A Comissão Constituinte egípcia, dominada pelos islamitas, iniciou nesta quinta-feira a votação de um projeto da lei fundamental, mantendo a referência aos "princípios" da sharia, que já existia no governo de Hosni Mubarak.
Esta votação de um projeto estagnado há semanas em razão de profundas divergências entre islamitas e não-islamitas, foi anunciada na quarta-feira, para a surpresa geral, no momento em que o país atravessa uma grave crise política.
No artigo 2 do projeto de Constituição, está previsto que os "princípios da sharia" constituem a "principal fonte da legislação", uma formulação bem consensual no Egipto e que significa que a lei islâmica não é a única fonte da legislação.
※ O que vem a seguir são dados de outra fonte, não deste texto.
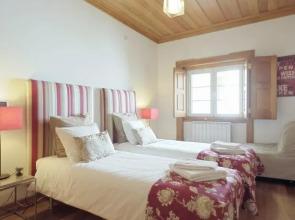 Localtraveling Castle In Historic Centre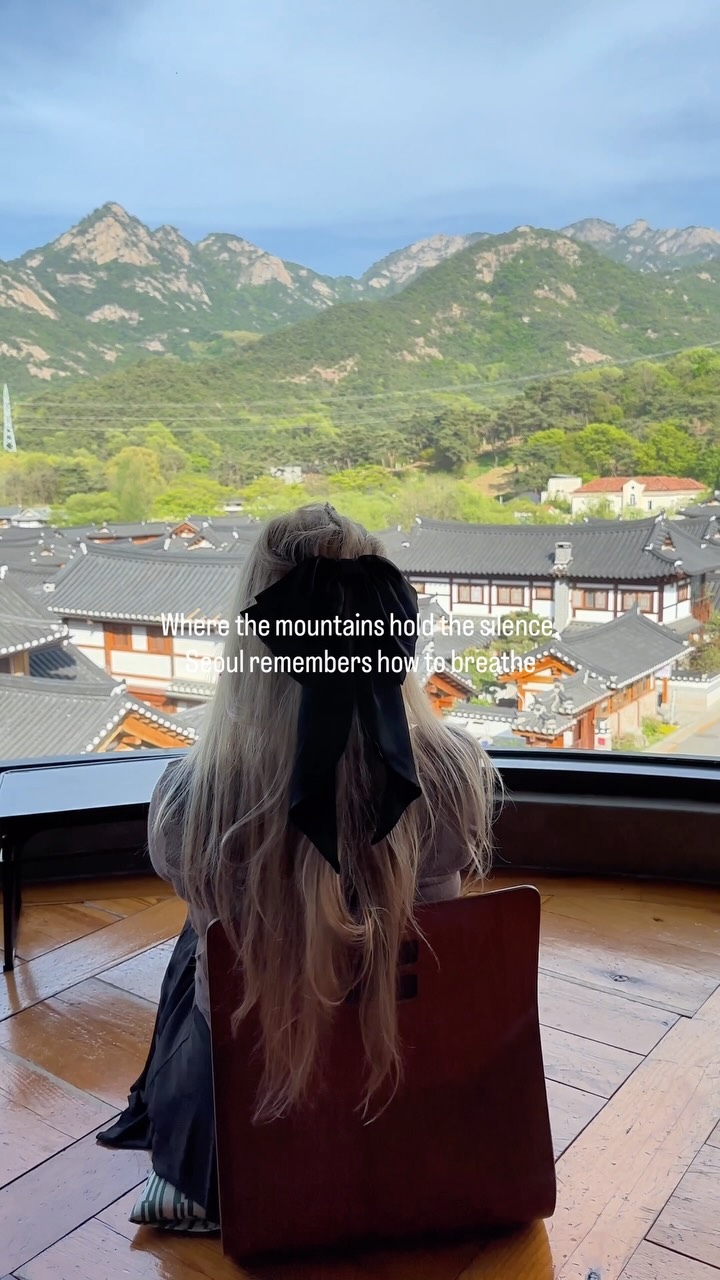 Seoul's Traditional Villages Offer Mountain Views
Os fundamentalistas salafistas desejavam referências à sharia mais restritivas.
Em contrapartida, muitos liberais, assim como a Igreja Ortodoxa Copta, que representa de 6 a 10% da população, tinham indicado que não iriam além do texto da Constituição anterior.
No entanto, outras disposições que ainda não foram votadas, muito criticadas nos círculos liberais e cristãos, poderiam ajudar a ampliar os domínios de aplicação da sharia.
Algumas disposições sobre a liberdade de expressão também causaram preocupação entre os meios de comunicação e defensores dos direitos civis.
No início da noite a metade dos 234 artigos já tinham sido adotados.
Uma vez votado, o projeto deve ser enviado ao presidente Mohamed Mursi, que deve submetê-lo a um referendo dentro de duas semanas.
A nova Constituição deve substituir a Carta Magna em vigor durante o regime de Hosni Mubarak, que foi revogada logo após a sua queda, em fevereiro de 2011, sob pressão de uma revolta popular.
"Irmandade Muçulmana faz sua própria Constituição"
Este processo ocorre no momento em que o Egipto enfrenta sua pior crise desde a eleição de Mursi devido à decisão do chefe de Estado de aumentar seus poderes para evitar, entre outras coisas, o bloqueio do processo constitucional pela Justiça.
A rápida adopção da Constituição deve permitir a Mursi deixar este assunto delicado para trás, mas também pode causar um surto de raiva entre seus adversários.
Os anti-Mursi que ocupam a Praça Tahrir, no Cairo, denunciam um procedimento ilegal, que exacerba as tensões.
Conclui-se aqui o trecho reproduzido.